6.9 Two other measures were developed using the OFCOM data. A total 'breadth of use score' was calculated by summing the responses from all 31 items and transforming to a z-score. An amount of use score was calculated from the sum of the reported hourly use questions in the survey (IN6A, IN6B, and IN6C) converted to a natural log score.

Table 2. Pattern and structure matrix for factor analysis
Table 2


Social determinants of Internet use

7.1 From the factor analysis and the Ofcom data we have eight measures of Internet access and use:

  1. Access
  2. Media consumption
  3. Information seeking
  4. Political action
  5. Formal transactions
  6. Social use
  7. Amount of use (Hours)
  8. Breadth of use (Total of all 5 factor scores)

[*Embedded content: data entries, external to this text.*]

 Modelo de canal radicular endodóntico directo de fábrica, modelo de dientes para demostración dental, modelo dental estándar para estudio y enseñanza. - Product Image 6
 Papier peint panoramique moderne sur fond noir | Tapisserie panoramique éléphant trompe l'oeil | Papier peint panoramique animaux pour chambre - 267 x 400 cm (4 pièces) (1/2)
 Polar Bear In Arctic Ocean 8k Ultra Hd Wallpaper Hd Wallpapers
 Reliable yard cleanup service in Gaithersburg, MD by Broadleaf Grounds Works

7.2 Items 2, 3, 4, 5, 6 and 8 are in the form of a z-score where the sample mean is zero and results are scored as standard deviations from the mean with greater being positive and smaller negative. Amount of use (Hours) is a natural log (ln) score as the distribution correctly skewed toward less use and has a 'long tail' of 'very heavy' users. Item 1 is categorical indicating access in some location or no access at all to the Internet. We will now explore each of these measures against two key social variables – age and class. Social class was split into four groups (AB, C1, C2, DE) using the National Readership Survey social grade classification. Age was split into three categories 16-34, 35-54 and 55+. The Ofcom data contains exact ages and separate NRS social grade measures for each respondent. We selected these reduced categories for class and age for a number of reasons. First, these are often used in the existing reporting of the Ofcom data, making comparisons easier. Second, the age categories represent three groups often targeted by policy initiatives: young adults; parental age adults; older or retired adults. Third, in relation to class the smaller numbers in some categories (such as A and E) might lead to small cell numbers in the analyses and therefore AB and DE were used in combination. This an initial exploration of the data and these categories should provide clear evidence of both class and age variations that could be explored more fully later with finer measures.

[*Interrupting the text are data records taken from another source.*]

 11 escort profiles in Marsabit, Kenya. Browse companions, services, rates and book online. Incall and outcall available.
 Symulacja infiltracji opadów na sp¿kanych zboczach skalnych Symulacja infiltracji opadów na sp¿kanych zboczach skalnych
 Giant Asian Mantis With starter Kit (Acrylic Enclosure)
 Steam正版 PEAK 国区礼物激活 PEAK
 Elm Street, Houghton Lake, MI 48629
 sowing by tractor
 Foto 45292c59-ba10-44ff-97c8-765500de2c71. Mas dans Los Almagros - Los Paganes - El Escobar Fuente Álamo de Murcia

7.3 If we look at access by combining the main Ofcom questions that define access to the Internet (IN1: Has access and use at home, or IN2: mobile or other device access, or IN3: Has access at work or another context such as a UK online centre or library) then we can cross tabulate this with age and social class. The result for age is statistically significant (Pearson Chi-Square = 277.402, df =2, p = 0.000) and has a medium to large effect size (Cramer's V = 0.393, p=0.000). Looking at the data it is clear that older people are far more likely to be non-internet users (see Table 3). If we undertake the same analysis for social class groups we get a similar statistically significant result (Pearson Chi-Square= 115.825, df=3, p=0.000) with a medium effect size (Cramer's V = 0.254, p=0.000). In this case we find that 46% of non-internet users are in social class group DE (see Table 4).

Table 3. Age by access to the Internet
Table 3


Table 4. Class by access to the Internet
Table 4

7.4 If we look next at total hours online we can take the answers to questions IN6A, IN6B and IN6C to calculate an overall score for time spent on the internet across home, work/school and other locations. This total was converted to a natural log score as the distribution was skewed to the lower values. A two-way between groups analysis of variance across social class groups and age was conducted using SPSS. The data met required assumptions (Levene's test was non-significant). Significant main effects were found for both age (F(2, 1348)=76.76, p=0.000) and social class group (F(3, 1348)=17.60, p=0.000) with medium to large effect sizes (partial eta squared of 0.102 and 0.038 respectively). There was no interaction between age and class (F(6, 1348)=0.532, p=0.785). Undertaking pairwise comparisons within social class group and age we find that all three age categories statistically significantly vary from each other with younger people spending more time on line (p=0.000 in all cases using Boneferroni adjustment). In the case of social class group there is a split with social class groups AB and C1 statistically differing from social class groups C2 and DE but not within these two clusters with more affluent groups spending more time online (see Table 5 and Table 6).

Table 5. Log of total hours by social class
Table 5
* The mean difference is significant at p<0.005
b Adjustment for multiple comparisons: Bonferroni.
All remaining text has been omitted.